5)come avete vissuto l annullamento del concerto di capleton e tutte le polemiche che ne sono scaturite??
Con rabbia e tristezza, è stata solo una riprova del marciume che ci circonda (i politici, le istituzioni,….) e dell’ipocrisia di alcuni soggetti (come i centri sociali, che hanno prima organizzato e poi annullato il live di Top Cat a Roma pochi giorni fa) che hanno cavalcato il reggae per anni e solo ora sembrano essersi accorti di alcuni temi trattati dagli artisti.
Noi siamo contrari agli incitamenti omofobici nel reggae, ma non crediamo certo che annullando un concerto si possa risolvere un problema così profondo e radicato: tra l’altro non solo nella cultura giamaicana.
L’Arcigay ha tutti i diritti di protestare ma avrebbe dovuto manifestare e boicottare il concerto, magari con banchetti informativi fuori dal locale: chiaramente questa è una via più faticosa da percorrere rispetto all’ingiunzione all’Estragon di annullare il concerto (locale di area DS)
Inoltre mettendo sempre l’accento sull’aspetto omofobico si tralascia sempre la forza che la musica giamaicana trasmette.
6)per fare un salto nel passato…..forward the bass era composto inizialmente da riky e mikey tuff dopo di che cè stata la fusione con golden sunshine,rico berettta e beppe ci raccontate come è avvenuta??e come è il presente?
Ci siamo uniti a Golden Sunshine trovandoci a lavorare insieme e condividendo molte cose nella visione musicale e non.
Oggi siamo io e Rico B a portare avanti il progetto Forward the bass.
7)molte volte c si imbatte in dancehall in cui vengono suonati molti dubplate e poca musica,molte chiacchiere e poco divertimento come la pensa forward the bass a proposito?
Noi siamo favorevoli ai dubplate, perché se fatti con intelligenza servono a connotare un sound, a fare si che la gente venga alla tua dance anche per sentire della musica esclusiva che non può sentire da nessun altro sound, oltre ad essere munizioni per i clash!
Ma i dubplate dovrebbero anche essere una conquista, non si può pensare di suonare da un mese e subito comiciare a registrarne.
Oppure ci sono sound che suonano una volta all’anno e hanno valigie e valigie di lacche.
Una cosa che si nota è che molti sound non hanno originalità nel vociare: molti tagliano dubz identici ai 45 giri, stesso ritmo, stesse liriche.
Per un sound giovane (inclusi noi) è importante ricercare i dischetti, quelli rari, quelli fuori stampa, gli original press di 20 o 30 anni fa, e magari registrare special dei propri amici italiani.
Spesso un 45 giri suonato al momento giusto è cento volte più potente di un dubplate (soprattutto se il dub è regular).
8)so che avete una vera e propria passione per la jamaica ci raccontate un po’ la vostra esperienza sull isola?
Io e Riccardo siamo stati due volte in giamaica: la prima come parte di pirates production, realizzando un documentario sulla vita musicale dell’isola, mentre la seconda è stata più una vacanza.
Sin dal primo viaggio è scattato un amore fulminante per l’isola e i suoi abitanti.
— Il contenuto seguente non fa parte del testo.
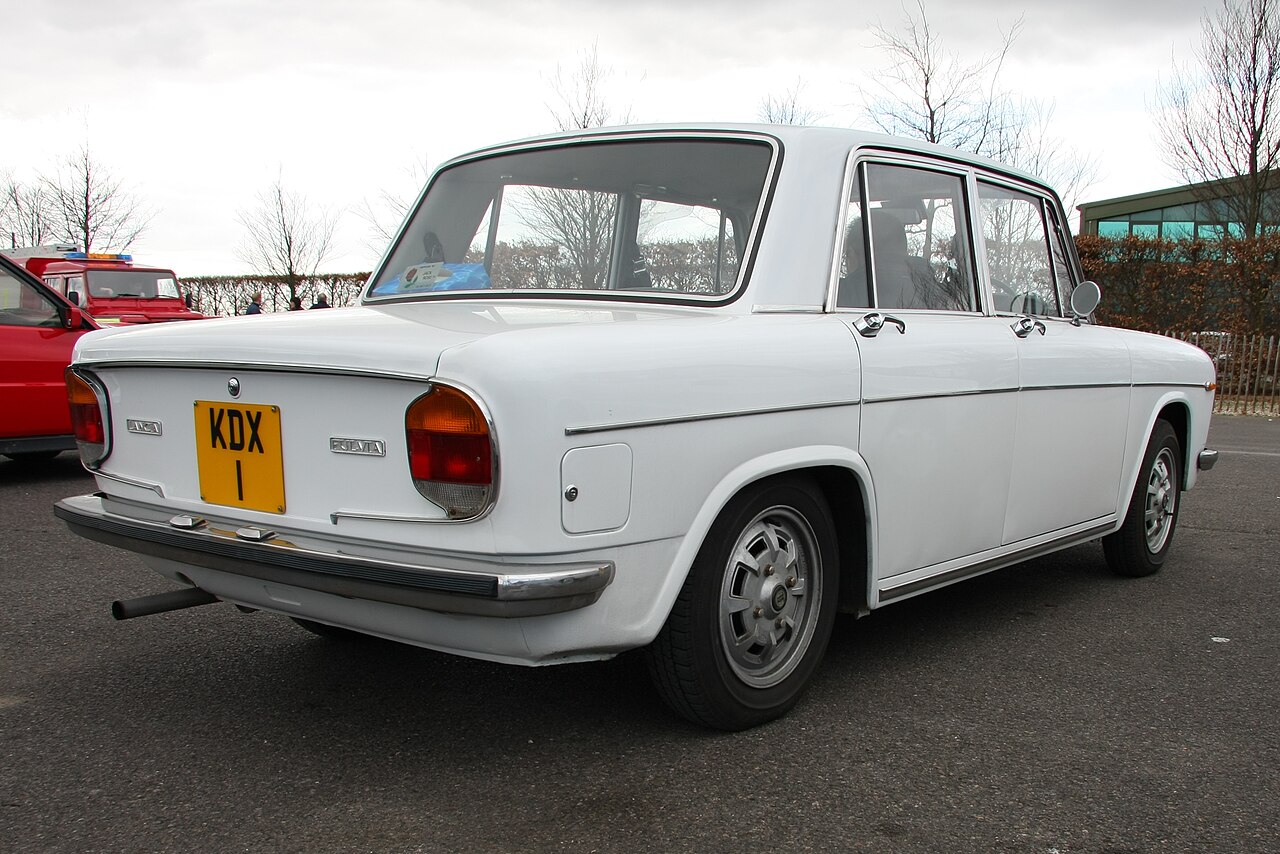 Rear view of a Series II Fulvia Berlina
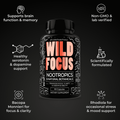 Wild Focus Nootropic Blend Wholesale Case of 12 Wholesale Wild Foods   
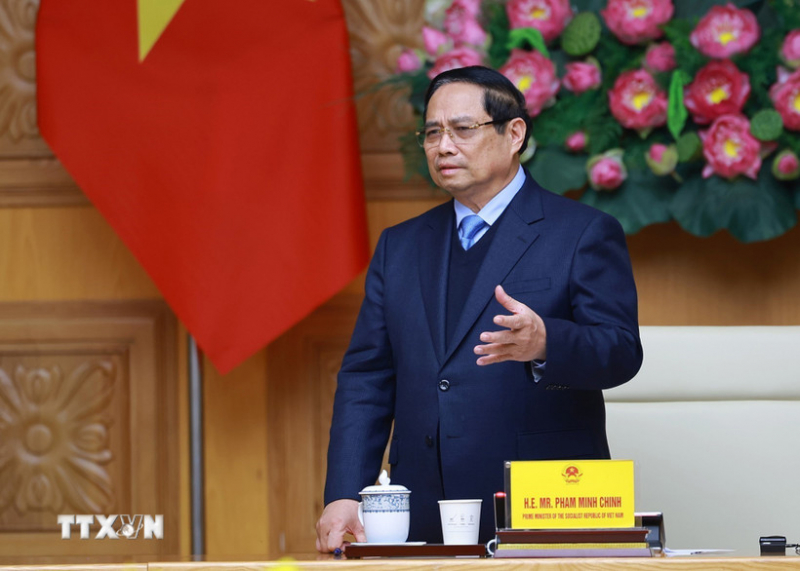 Thủ tướng Phạm Minh Chính làm việc với Đoàn doanh nghiệp Nhật Bản -0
Entrambe le esperienze sono state fantastiche e ci hanno segnato profondamente, come penso che sia per ogni persona che ama il reggae e va a vedere il luogo da cui tutto ciò è partito.
La prima volta è un po’ come un pellegrinaggio, ogni cosa è un flash, poi scatta una scintilla…..
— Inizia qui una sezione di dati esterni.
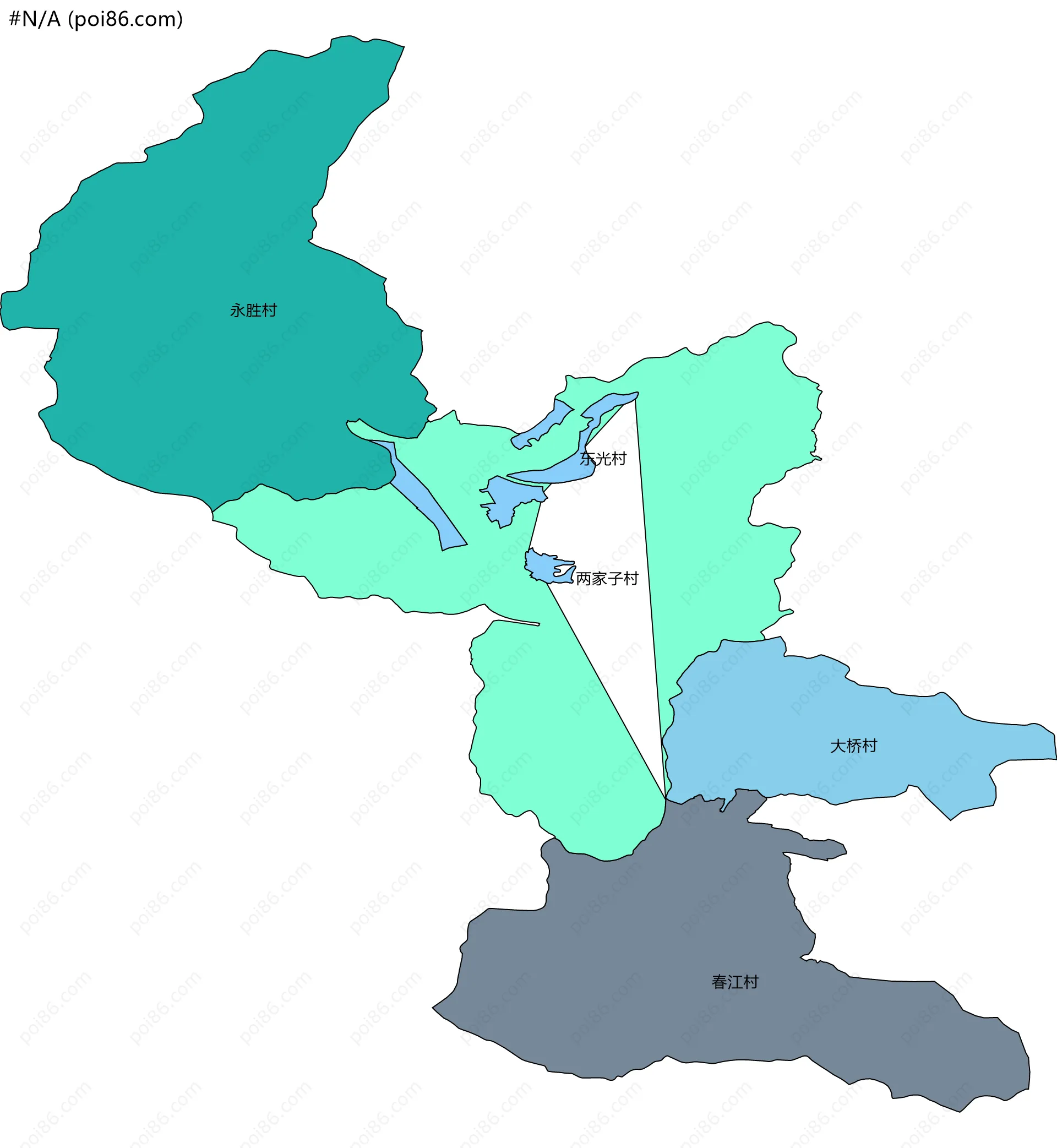 #N/A边界地图(五级行政区划)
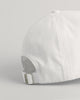 WHITE, UNISEX. SHIELD HIGH CAP, CLOSE-UP BY GANT AU.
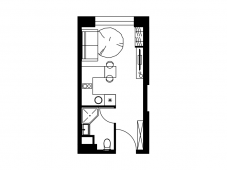 1-комнатная квартира 21,5 м²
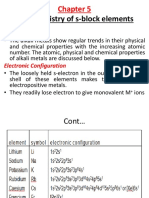 Chapter 5. S-Block Elements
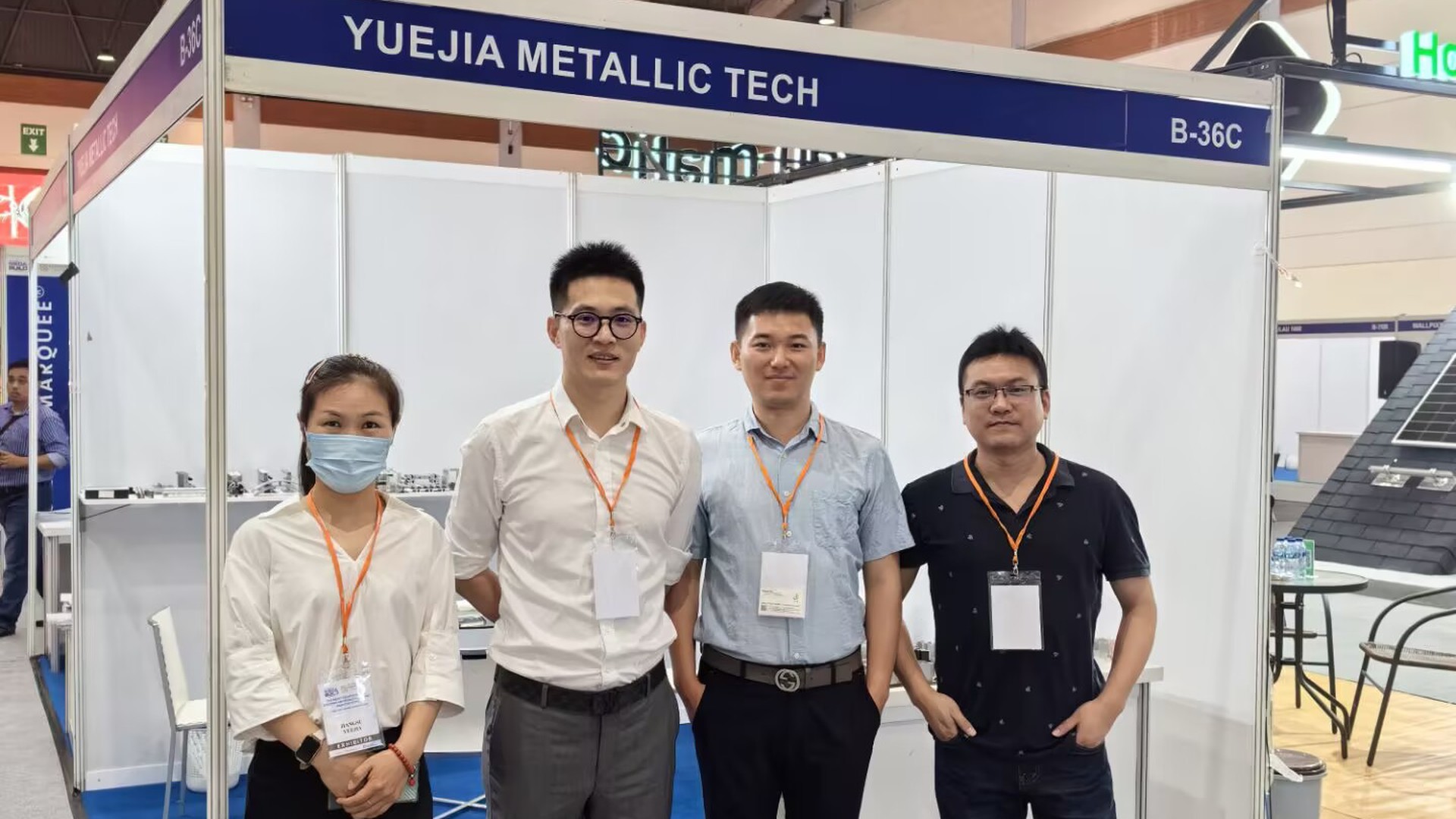 The Jiangyin Yuejia Metal Foreign Trade Team Made An Appearance at The International Building Materials Exhibition in Jakarta, Indonesia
8)ultima domanda……….bologna è cambiata molto,chi gira le danz da tanto tempo se ne sarà sicuramente accorto,secondo voi il cambiamento in che direzione è andato?
Mettiamola così: quando noi ci siamo avvicinati al reggae a bologna i sound si contavano sulle dita di due mani, oggi le crew sono circa trentasei, ma i posti dove si suona sono sempre quelli, anzi sono diminuiti.
Mi sembra anche che molti si avvicinino a questa musica saltando il passaggio fondamentale della gavetta, che invece è ciò che ti da le radici per durare nel tempo.
Altro problema è che molti sound fanno sia i promoter che i sound, mentre sarebbe interessante che si sviluppasse a pieno titolo anche in italia la figura del promoter di dancehall.